**AIM OF THE TASK**
At the line with "A high-rise building", start transcribing; stop after the last line of the data below. Keep it exact and leave pictures out.

**DATA**
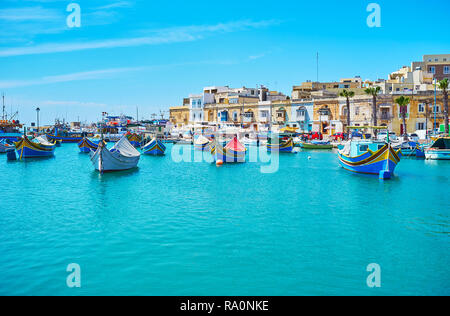 Rilassatevi sulla costa di Marsaxlokk con una vista sulla sua flotta da pesca costituite da tradizionali barche luzzu disponibile anche per le gite turistiche, Malta. Foto Stock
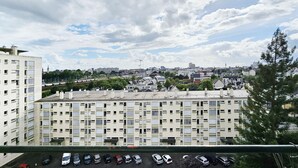 A high-rise building with multiple balconies, a parking lot with various cars, and a view of a cityscape with buildings and trees under a partly cloudy sky. - Pleasant, bright T3 on top floor (8), not overlooked, close to parks/services (Rennes)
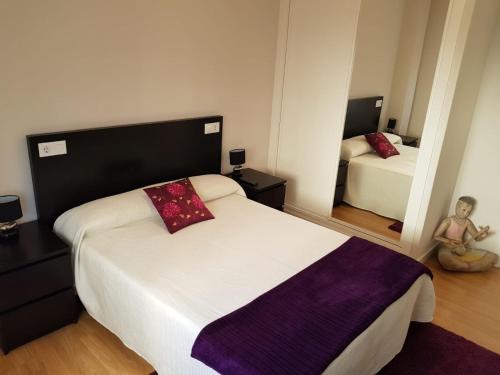 a small bedroom with two beds and a mirror at Piso en O Grove in O Grove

**RESPONSE BOX**
 A high-rise building with multiple balconies, a parking lot with various cars, and a view of a cityscape with buildings and trees under a partly cloudy sky. - Pleasant, bright T3 on top floor (8), not overlooked, close to parks/services (Rennes)
 a small bedroom with two beds and a mirror at Piso en O Grove in O Grove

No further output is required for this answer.